A vitória de Dilma Rousseff (PT) para mais quatro anos no comando do Brasil não significou apenas a manutenção do partido no poder, mas também a continuidade do período democrático mais amplo de nossa história, partindo do pleito presidencial de 1989, quando Fernando Collor de Mello foi eleito presidente da República. Naquele ano, beneficiado pela Constituinte de um ano antes, o povo (com restrição de idade, apenas) teve acesso ao voto direto para presidente e viu garantido direitos e liberdades que antes não eram determinados pelas instituições.
Neste mês de outubro, 141.824.606 milhões de brasileiros alistados no sistema da Justiça Eleitoral puderam participar da sétima eleição para o maior cargo político do Brasil, condição rara em um País que, mesmo sendo independente há 192 anos e tendo sua República proclamada há 124, jamais conseguiu manter um período democrático com participação relevante do povo nas decisões políticas e com liberdades significativas por mais de duas décadas.
Os eleitores brasileiros viram – nas duas datas eleitorais deste mês, 5 e 26 de outubro – eleições que seguiram os padrões internacionais (que determinam que o processo seja justo, competitivo, regular e aberto à participação de todos os segmentos da comunidade política, independentemente de ideologias e de suas raízes culturais, étnicas, religiosas ou socioeconômicas) e um sistema de votação reconhecido por entidades mundiais e sem possibilidades de grandes reviravoltas.
Prova disso é a divisão das escolhas no País: Dilma foi reeleita porque a maioria real a escolheu, ainda que de forma equilibrada: a presidenta teve exatos 3.459.963 de votos a mais que o seu adversário, Aécio Neves (PSDB), na eleição presidencial mais apertada da história, superando o duelo entre Lula e Collor, em 89. Naquele ano, a diferença em favor do candidato do PTN foi de 4.013.634 no segundo turno.
“Nesses últimos anos, tivemos uma democracia política melhor do que uma democracia econômica.
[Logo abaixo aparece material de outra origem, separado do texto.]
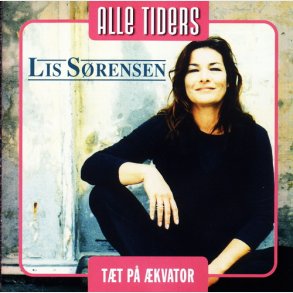 Lis Srensen - Tt P kvator Alle Tiders Lis Srensen (2005)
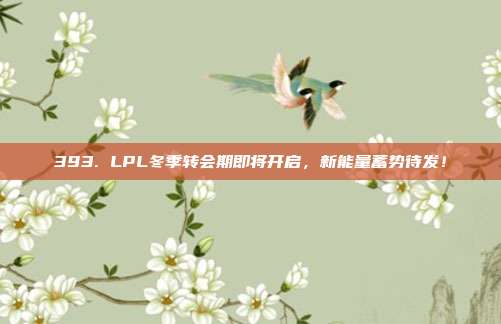 393. LPL冬季转会期即将开启，新能量蓄势待发！  第1张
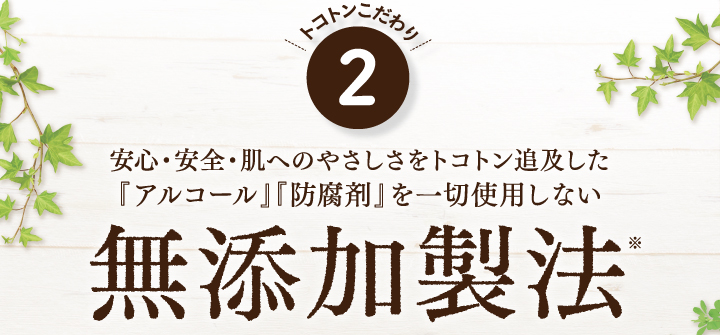 トコトンこだわ２．安心安全、肌へのやさしさをトコトン追及した「アルコール」「防腐剤」を一切使用しない無添加製法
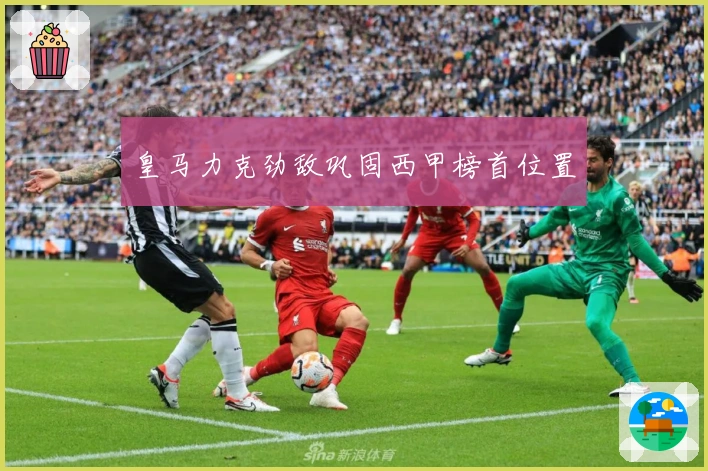 皇马力克劲敌巩固西甲榜首位置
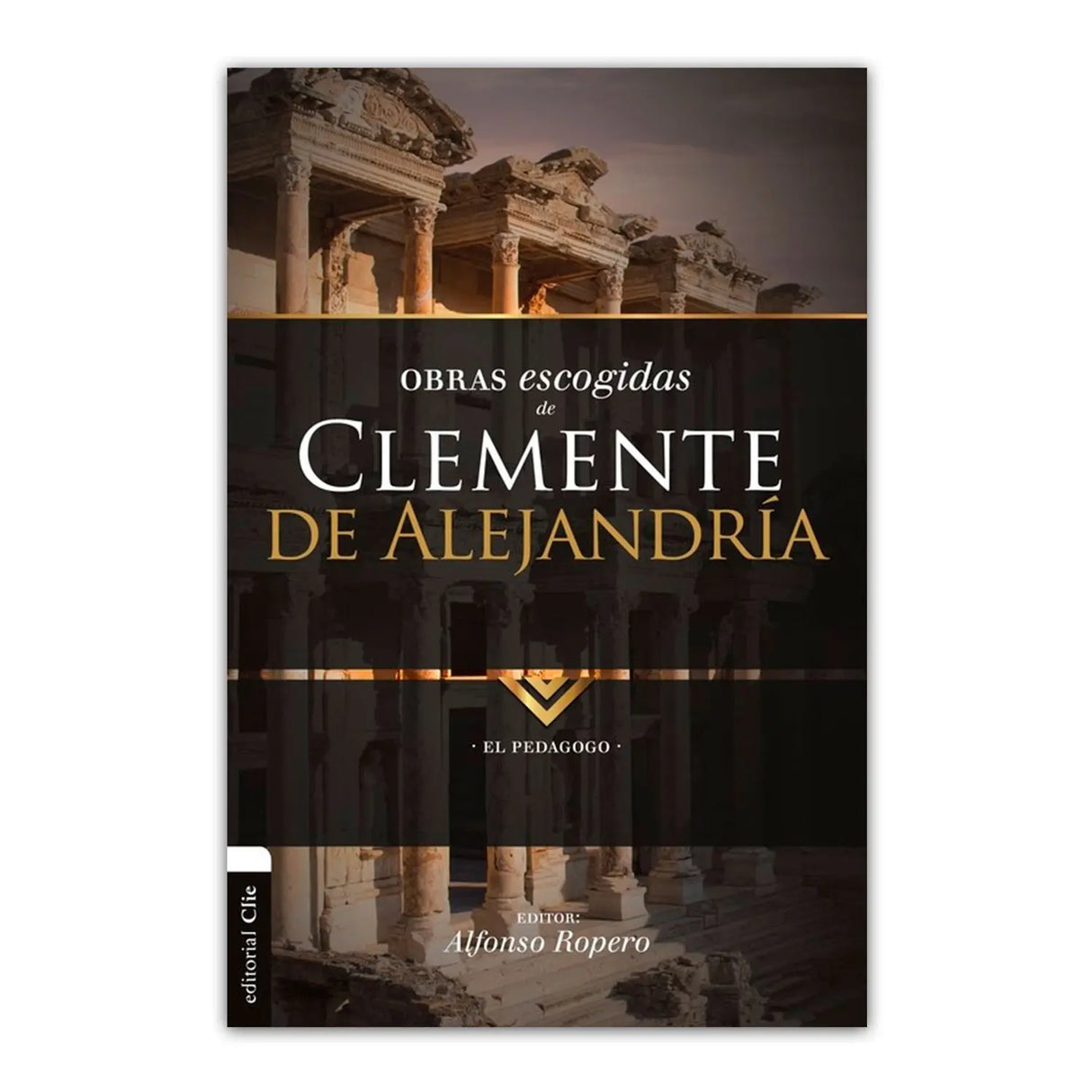 Selected Works of Clement of Alexandria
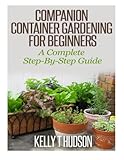 Companion Container Gardening for Beginners: A Complete Step-By-Step Guide by Kelly T Hudson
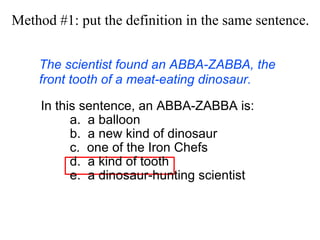The scientist found an ABBA-ZABBA, the front tooth of a meat-eating dinosaur. Method #1: put the definition in the  same  sentence. In this sentence, an ABBA-ZABBA is: a.  a balloon  b.  a new kind of dinosaur c.  one of the Iron Chefs d.  a kind of tooth e.  a dinosaur-hunting scientist 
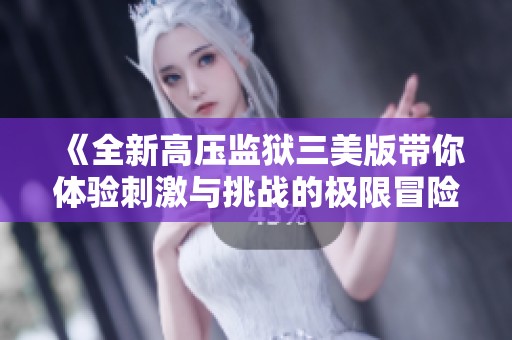 《全新高压监狱三美版带你体验刺激与挑战的极限冒险》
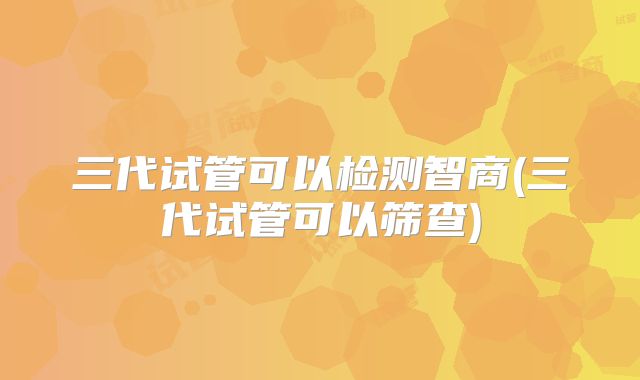 三代试管可以检测智商(三代试管可以筛查)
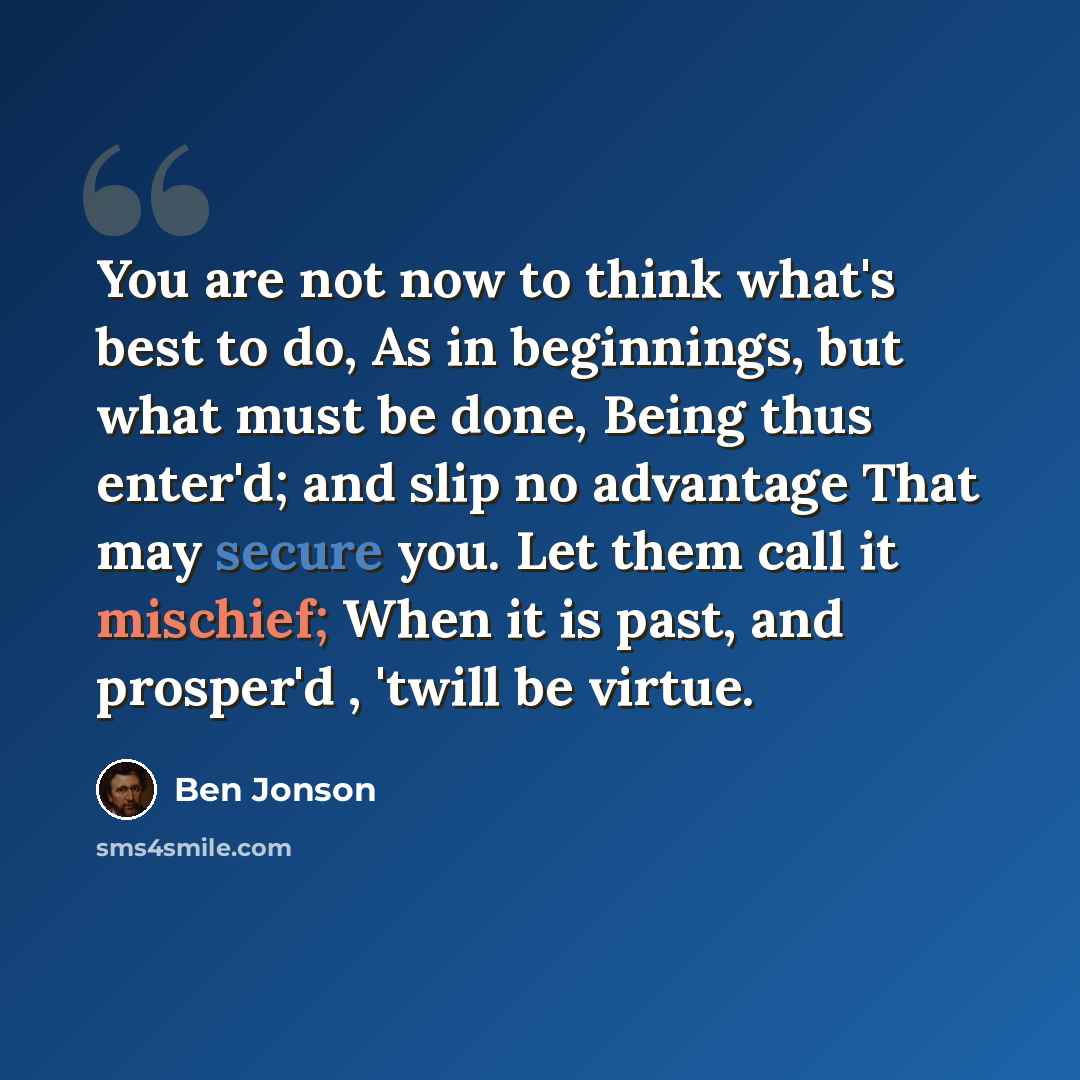 “You are not now to think what's best to do, As in beginnings, but what must be done, Being thus enter'd; and slip no advantage That may secure you. Let them call it mischief; When it is past, and prosper'd , 'twill be virtue.” quote by Ben Jonson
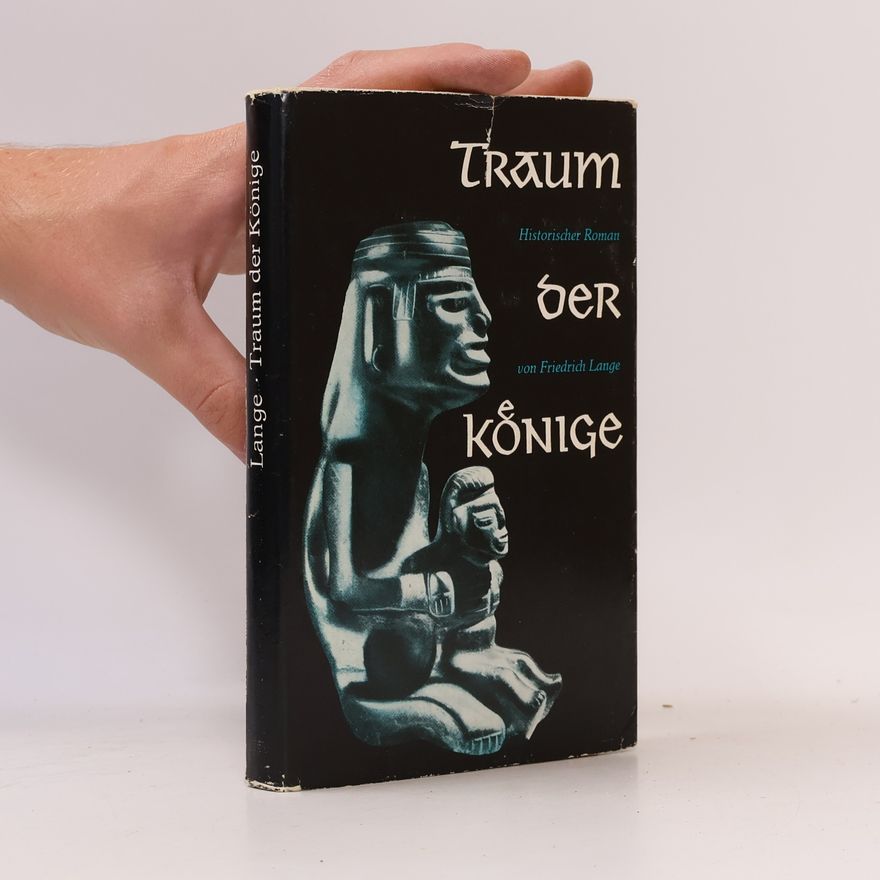 Friedrich Lange Traum der Könige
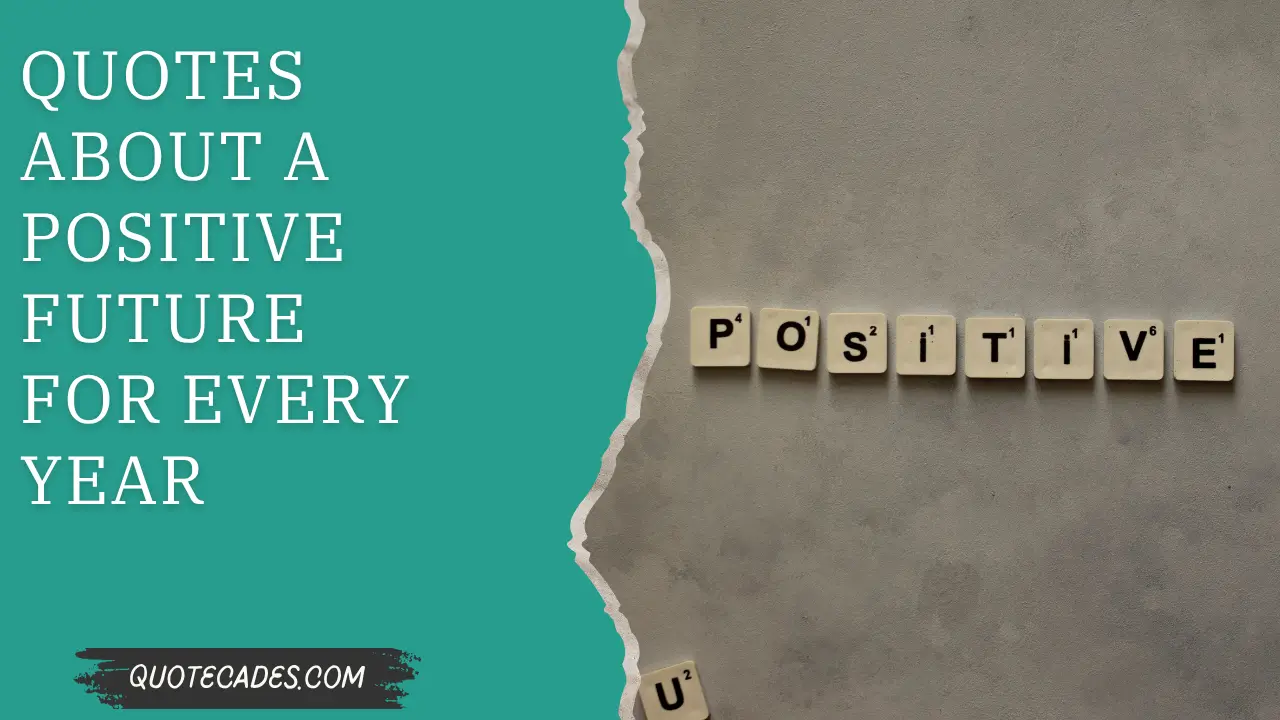 Quotes About a Positive Future For Every Year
Enquanto no plano político da democracia, o Brasil avançou e continua avançando, no plano econômico, a gente está andando muito devagar”, avalia Luiz Carlos Bresser-Pereira, ex-ministro da Fazenda do governo Sarney, ex-ministro da Ciência e Tecnologia de Fernando Henrique e um dos fundadores do PSDB. Bresser-Pereira, que, inclusive, votou em Dilma Rousseff. “O crescimento foi pequeno, mas especialmente no quesito da desigualdade, ainda que nós não tenhamos sido grandemente bem-sucedidos, conseguimos alguns avanços, com relevância maior para os últimos 12 anos. É claro que o Brasil continua com diferenças sociais e a diminuição desse desequilíbrio ainda é a prioridade absoluta, porque a democracia depende do cidadão se sentir parte da sociedade, parte do sistema político, e é muito difícil isso acontecer quando a desigualdade econômica é grande. As boas democracias não têm uma distinção entre classes aos níveis da brasileira”, completa ele.
A desigualdade – fruto da lentidão da democracia econômica analisada por Bresser – também é um problema na visão de Rodrigo Patto Sá Motta, professor da Universidade Federal de Minas Gerais, pesquisador da história brasileira e editor do site Culturas Políticas, que aborda aspectos da nossa democracia. Para ele, este é um fenômeno presente no Brasil desde a sua formação como sociedade. “Desde o século 19, quando as instituições liberais começaram a se desenhar, já se excluía uma massa de pessoas dos processos decisórios. A desigualdade sempre foi um problema, porque era e é uma exclusão social, cultural e política, e porque a participação demanda a presença da sociedade nas decisões, a divisão dos espaços públicos, e esse desequilíbrio sempre foi uma trava, colaborando para a desigualdade cultural também. Nesse ponto, o legado da escravidão continua sendo enorme. A herança da escravidão está na exclusão da maior parte da população negra, e tem muita gente no Brasil que ainda não foi incluída socialmente, mesmo com os meios legais de participação política”, diz.
Ao contrário de Bresser e Patto, o doutor em História pela Unicamp e analista da Assembleia Legislativa de São Paulo, Dainis Karepovs, acredita que a ascensão econômica de uma parcela relevante do País determina a qualidade da democracia.“Para a população, especificamente, a imagem forte das instituições e a periodicidade com que se realizam eleições são importantes. Associado a isso, há ainda uma solidez econômica que alcançamos porque, por mais que exista a tentativa de desatrelar uma coisa da outra, a economia mexe com o dia a dia das pessoas e, se elas não têm uma estabilidade material, não vão conseguir desassociar o insucesso financeiro da política, ainda mais em um mundo globalizado como o que vivemos. Assim, tendem a considerar muito suas situações materiais quando vão observar os rumos do País em qualquer sentido. Acho que a democracia brasileira conseguiu, nesses últimos 15, 20 anos, fazer isso acontecer”, finaliza.